## SUPPLIED INFORMATION
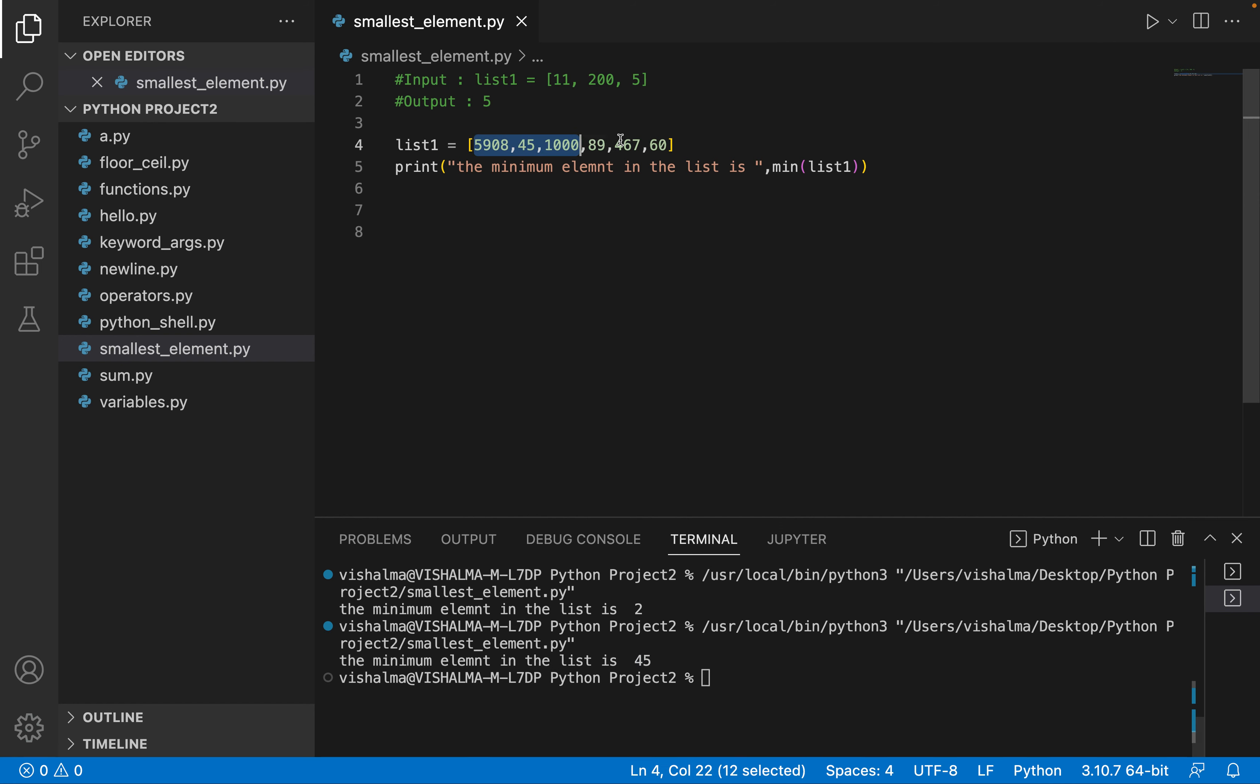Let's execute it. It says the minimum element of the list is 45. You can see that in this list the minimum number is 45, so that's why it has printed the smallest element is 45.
---
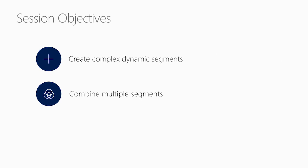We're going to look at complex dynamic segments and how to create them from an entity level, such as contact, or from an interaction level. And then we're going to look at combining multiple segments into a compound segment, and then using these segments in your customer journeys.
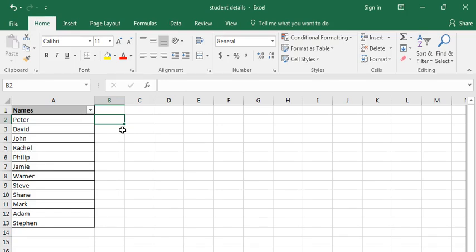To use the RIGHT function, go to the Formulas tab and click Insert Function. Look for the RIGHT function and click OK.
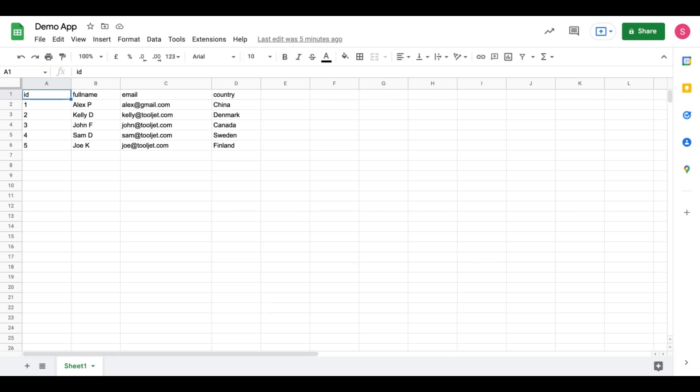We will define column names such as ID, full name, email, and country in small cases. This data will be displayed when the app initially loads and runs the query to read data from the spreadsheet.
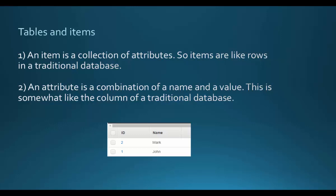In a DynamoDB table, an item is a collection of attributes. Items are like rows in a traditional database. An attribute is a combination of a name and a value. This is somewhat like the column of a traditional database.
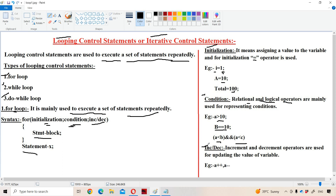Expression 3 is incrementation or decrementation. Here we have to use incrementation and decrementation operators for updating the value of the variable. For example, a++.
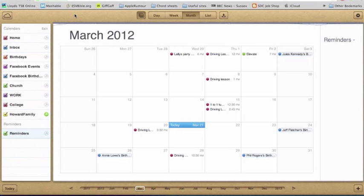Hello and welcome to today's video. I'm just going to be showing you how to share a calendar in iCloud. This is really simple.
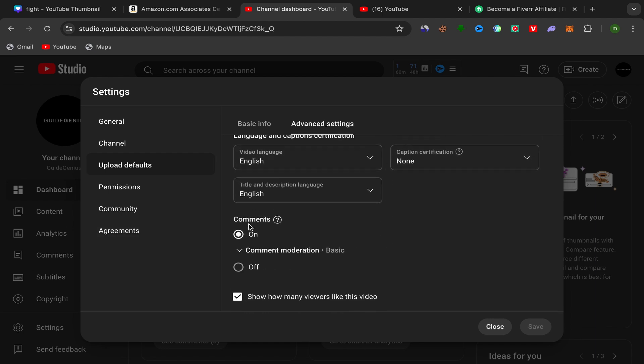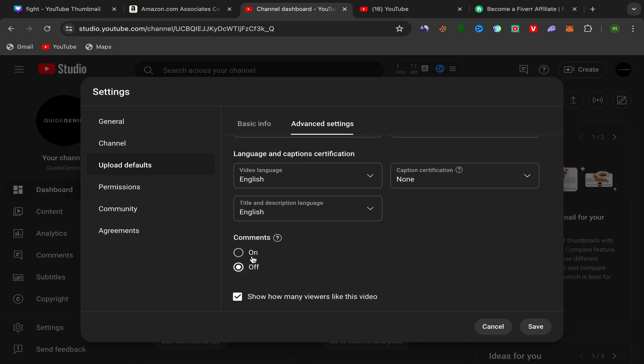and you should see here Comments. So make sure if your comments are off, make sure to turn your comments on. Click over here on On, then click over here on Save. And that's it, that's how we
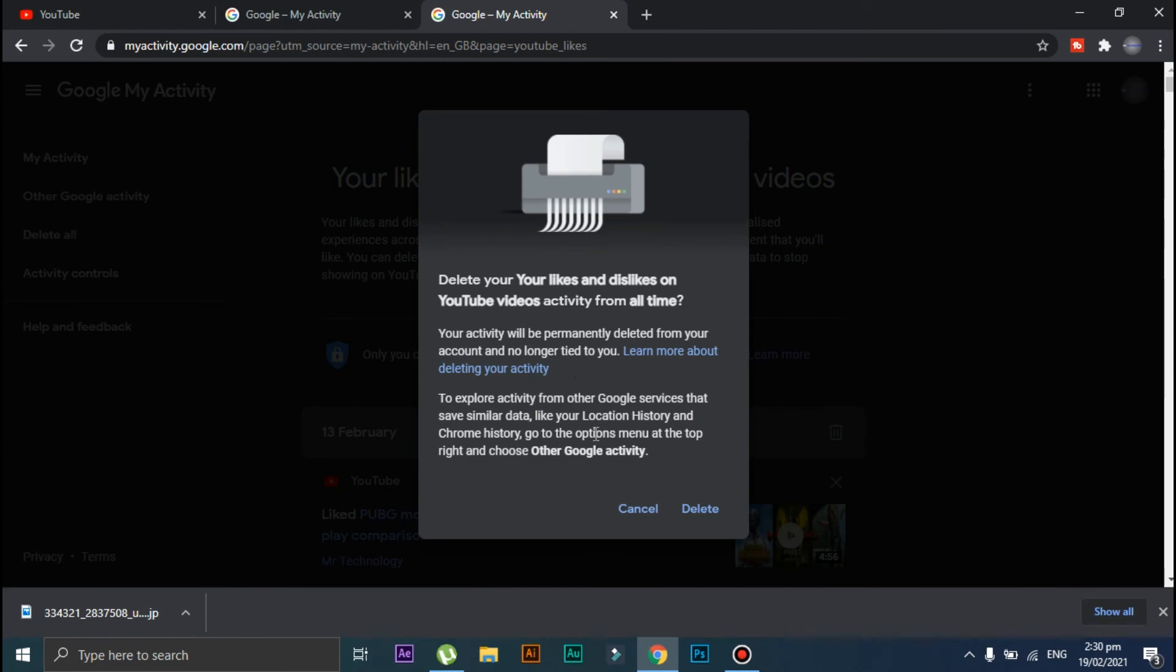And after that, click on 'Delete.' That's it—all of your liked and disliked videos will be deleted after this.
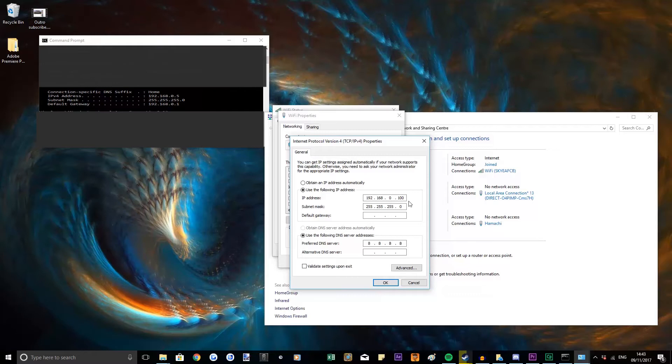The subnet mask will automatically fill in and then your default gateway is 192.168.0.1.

## AIM OF THE TASK
Exactly the lines above, from the one containing "Hello and welcome" down to the one containing "The subnet mask", are to be repeated, including both ends. Pictures are not part of the copy.

## TASK RESPONSE
Hello and welcome to today's video. I'm just going to be showing you how to share a calendar in iCloud. This is really simple.
and you should see here Comments. So make sure if your comments are off, make sure to turn your comments on. Click over here on On, then click over here on Save. And that's it, that's how we
And after that, click on 'Delete.' That's it—all of your liked and disliked videos will be deleted after this.
The subnet mask will automatically fill in and then your default gateway is 192.168.0.1.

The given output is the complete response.